TASK BRIEF: In the entries below, find the line containing "Decorative coffee table set 38-30x40 Mood" and the line containing "Banknoten South Viet". Copy those two lines and everything between them exactly, and only that.

***** SUPPLIED DATA *****

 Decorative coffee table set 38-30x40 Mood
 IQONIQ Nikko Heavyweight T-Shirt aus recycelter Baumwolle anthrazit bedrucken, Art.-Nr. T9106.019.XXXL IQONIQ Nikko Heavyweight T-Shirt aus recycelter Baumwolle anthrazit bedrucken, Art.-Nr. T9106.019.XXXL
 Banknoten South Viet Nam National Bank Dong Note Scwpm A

*****
***** SUPPLIED DATA *****

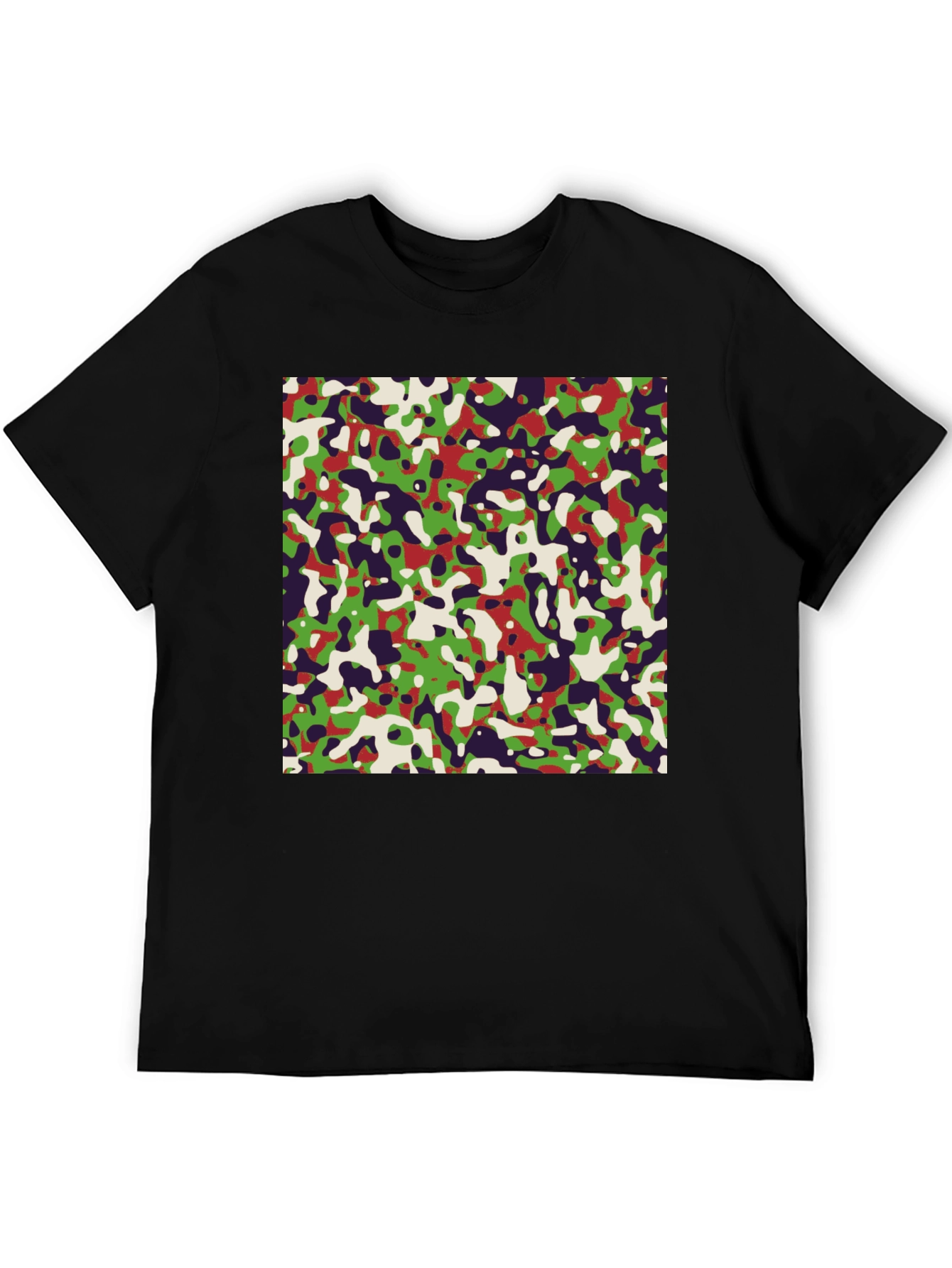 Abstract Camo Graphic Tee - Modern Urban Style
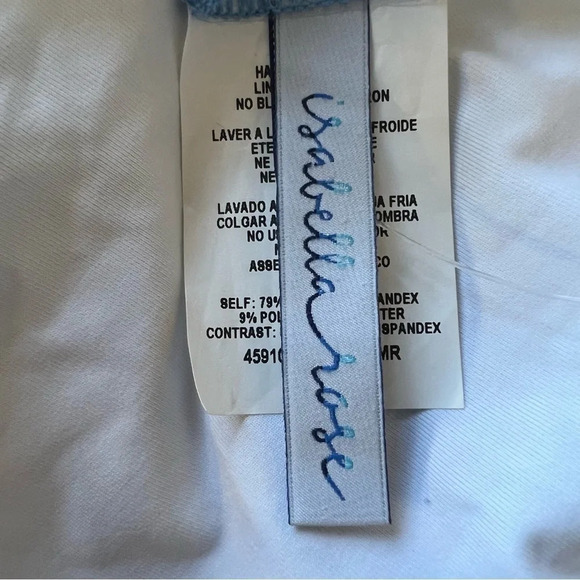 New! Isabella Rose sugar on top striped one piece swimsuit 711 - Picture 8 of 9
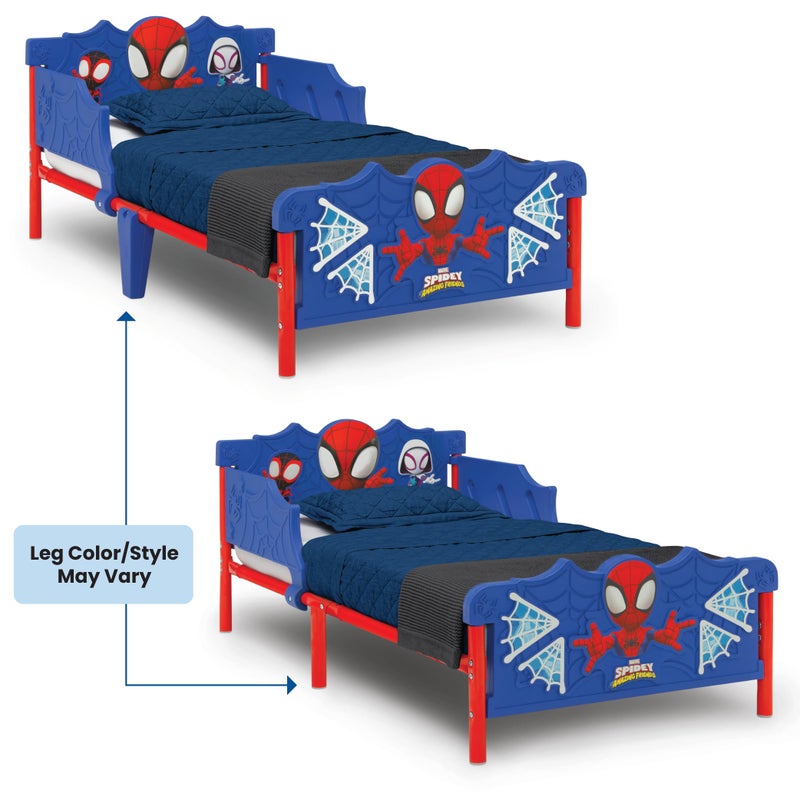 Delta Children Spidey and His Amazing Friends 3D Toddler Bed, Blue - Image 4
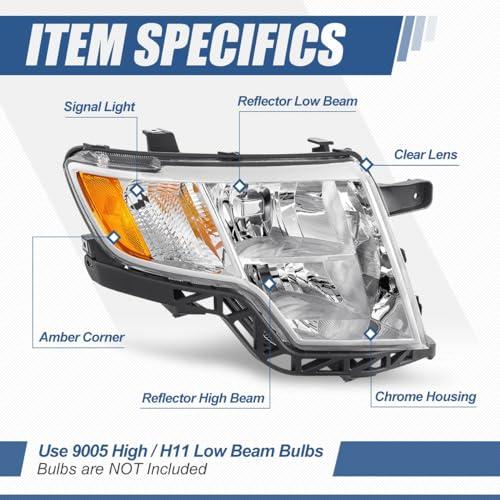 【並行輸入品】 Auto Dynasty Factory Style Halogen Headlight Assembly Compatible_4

*****
***** SUPPLIED DATA *****

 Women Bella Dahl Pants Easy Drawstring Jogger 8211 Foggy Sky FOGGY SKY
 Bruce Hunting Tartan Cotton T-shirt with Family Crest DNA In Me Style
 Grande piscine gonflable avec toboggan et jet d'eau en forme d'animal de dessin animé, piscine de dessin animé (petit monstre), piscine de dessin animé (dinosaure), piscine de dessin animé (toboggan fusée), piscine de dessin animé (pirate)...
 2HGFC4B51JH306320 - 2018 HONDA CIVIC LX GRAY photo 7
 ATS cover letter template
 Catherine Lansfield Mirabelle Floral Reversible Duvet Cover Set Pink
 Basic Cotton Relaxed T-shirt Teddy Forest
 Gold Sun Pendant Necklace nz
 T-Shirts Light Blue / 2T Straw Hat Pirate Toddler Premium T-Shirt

*****

ANSWER TO THIS EXERCISE:
 Decorative coffee table set 38-30x40 Mood
 IQONIQ Nikko Heavyweight T-Shirt aus recycelter Baumwolle anthrazit bedrucken, Art.-Nr. T9106.019.XXXL IQONIQ Nikko Heavyweight T-Shirt aus recycelter Baumwolle anthrazit bedrucken, Art.-Nr. T9106.019.XXXL
 Banknoten South Viet Nam National Bank Dong Note Scwpm A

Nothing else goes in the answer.